==== RECORDED INFORMATION ====
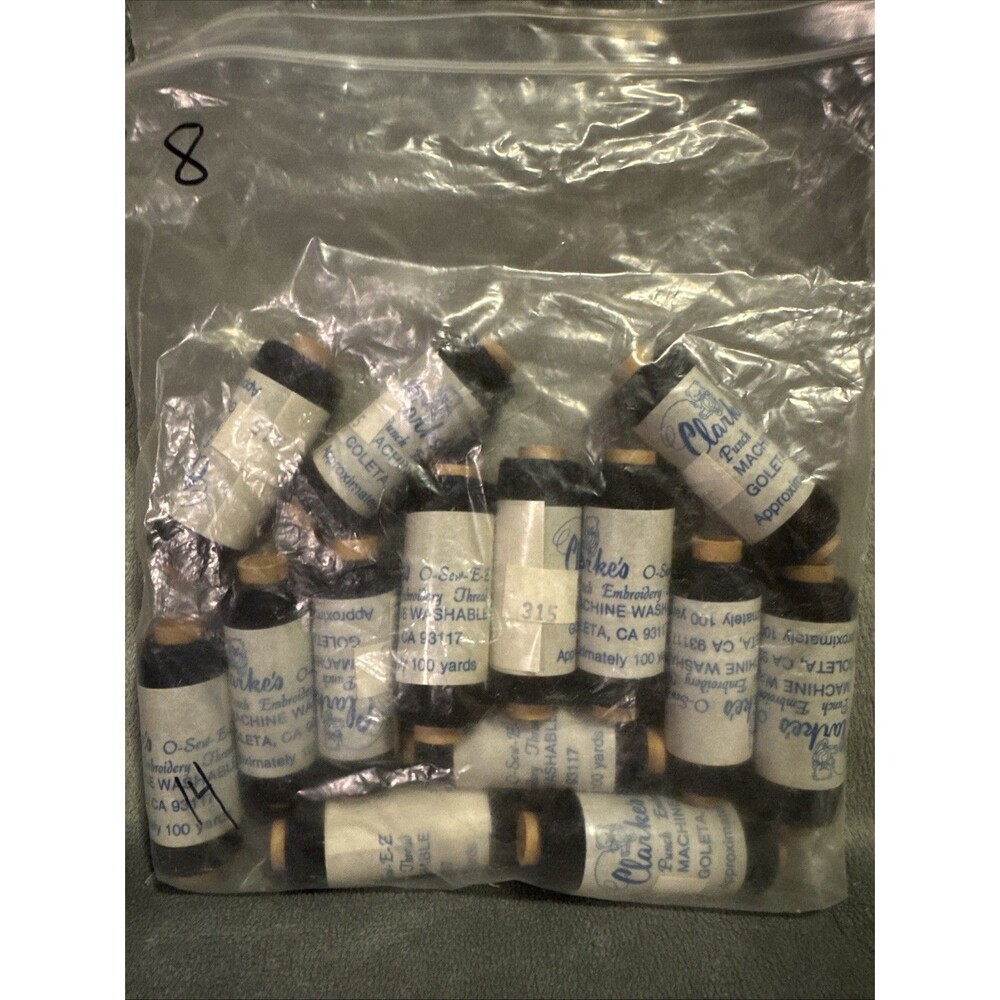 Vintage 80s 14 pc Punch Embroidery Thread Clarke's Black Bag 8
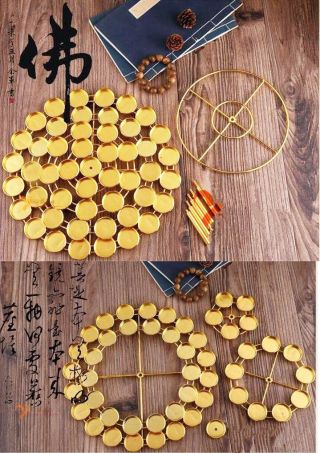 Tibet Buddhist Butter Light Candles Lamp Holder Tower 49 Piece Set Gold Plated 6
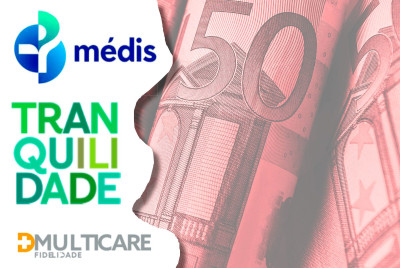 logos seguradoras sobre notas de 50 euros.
====
==== RECORDED INFORMATION ====
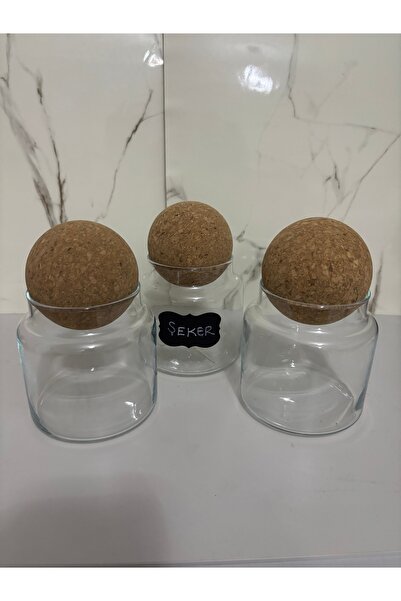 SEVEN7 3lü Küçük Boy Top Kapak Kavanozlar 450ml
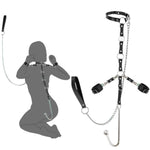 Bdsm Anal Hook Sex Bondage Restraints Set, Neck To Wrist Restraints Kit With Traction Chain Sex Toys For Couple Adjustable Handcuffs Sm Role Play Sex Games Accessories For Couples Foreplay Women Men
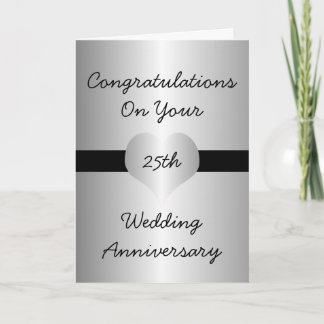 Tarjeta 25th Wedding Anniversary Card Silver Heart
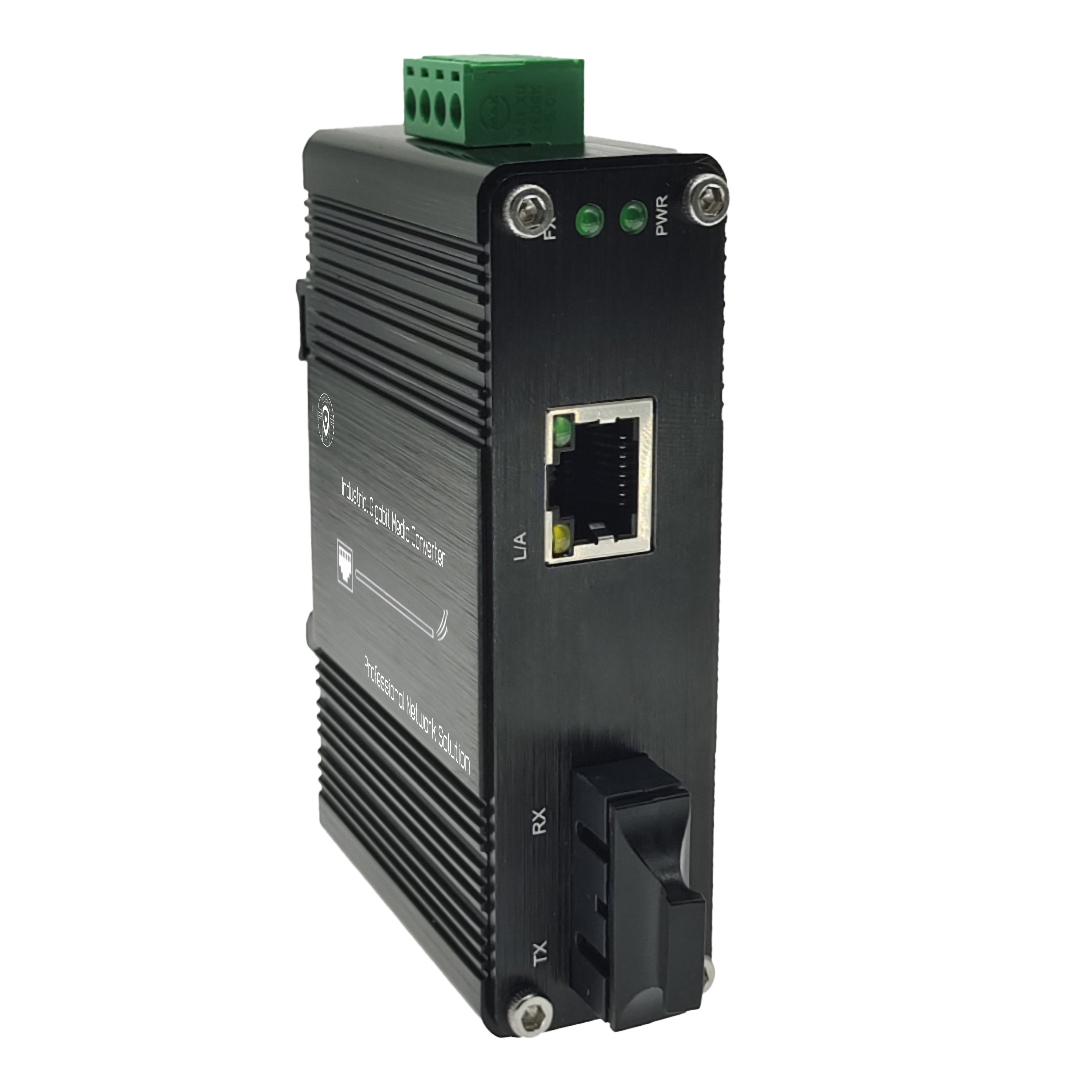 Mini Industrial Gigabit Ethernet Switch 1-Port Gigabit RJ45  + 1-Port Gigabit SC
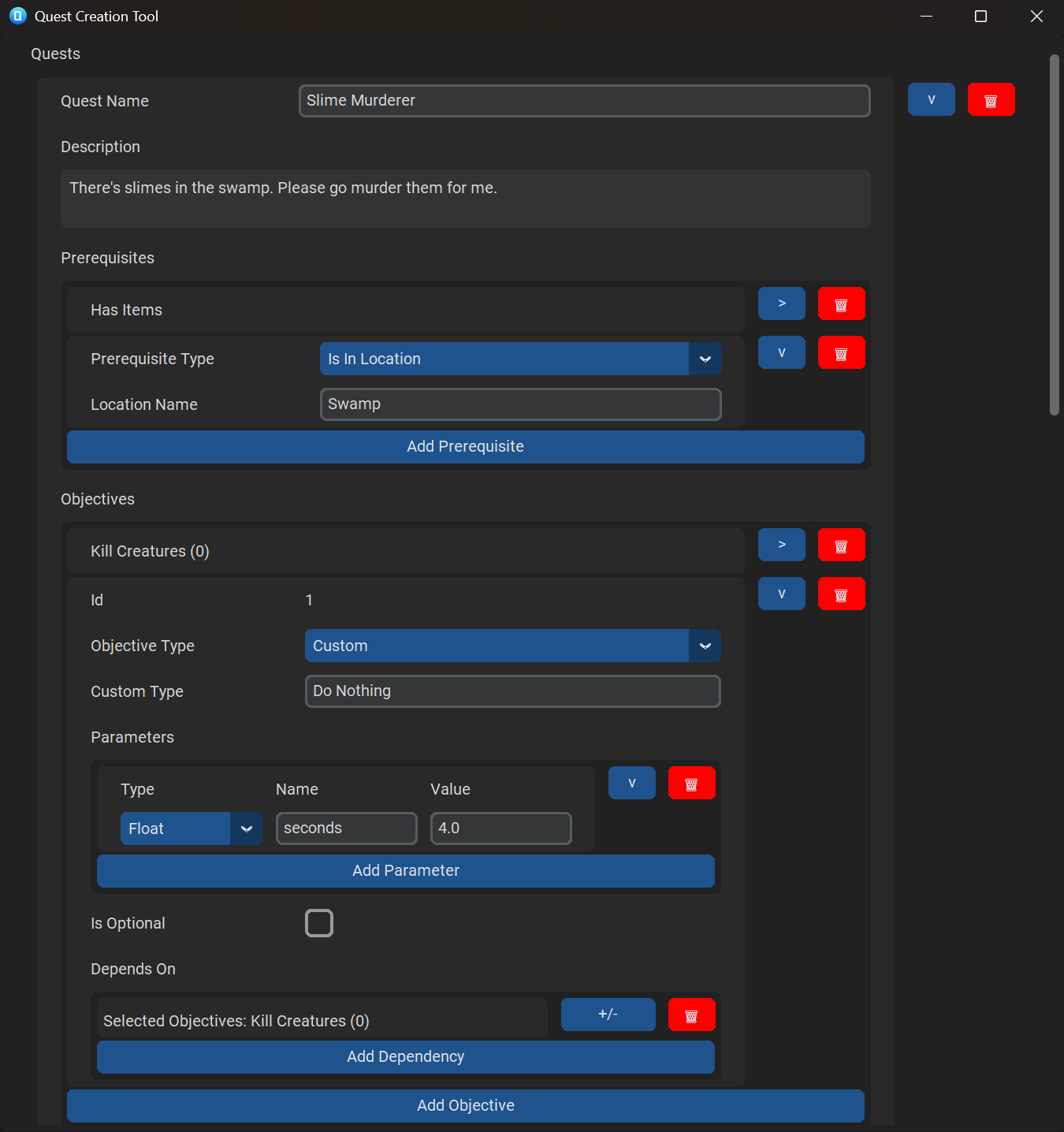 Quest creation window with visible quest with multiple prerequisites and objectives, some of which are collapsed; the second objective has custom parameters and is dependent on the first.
====
==== RECORDED INFORMATION ====
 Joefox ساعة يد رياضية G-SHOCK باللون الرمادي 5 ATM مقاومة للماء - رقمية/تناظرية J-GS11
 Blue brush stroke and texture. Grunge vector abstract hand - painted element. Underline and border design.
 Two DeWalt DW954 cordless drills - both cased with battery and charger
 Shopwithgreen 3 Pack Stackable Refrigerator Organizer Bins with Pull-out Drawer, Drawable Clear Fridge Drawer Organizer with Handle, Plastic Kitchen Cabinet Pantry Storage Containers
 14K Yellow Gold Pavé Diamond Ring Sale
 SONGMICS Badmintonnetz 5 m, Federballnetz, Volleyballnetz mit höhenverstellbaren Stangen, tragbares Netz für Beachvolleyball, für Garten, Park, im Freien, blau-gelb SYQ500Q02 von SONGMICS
====
Lines to set down from above: the line with "Blue brush stroke", the line with "SONGMICS Badmintonnetz 5", and every line between, each exactly as written.

** EXERCISE RESPONSE **
 Blue brush stroke and texture. Grunge vector abstract hand - painted element. Underline and border design.
 Two DeWalt DW954 cordless drills - both cased with battery and charger
 Shopwithgreen 3 Pack Stackable Refrigerator Organizer Bins with Pull-out Drawer, Drawable Clear Fridge Drawer Organizer with Handle, Plastic Kitchen Cabinet Pantry Storage Containers
 14K Yellow Gold Pavé Diamond Ring Sale
 SONGMICS Badmintonnetz 5 m, Federballnetz, Volleyballnetz mit höhenverstellbaren Stangen, tragbares Netz für Beachvolleyball, für Garten, Park, im Freien, blau-gelb SYQ500Q02 von SONGMICS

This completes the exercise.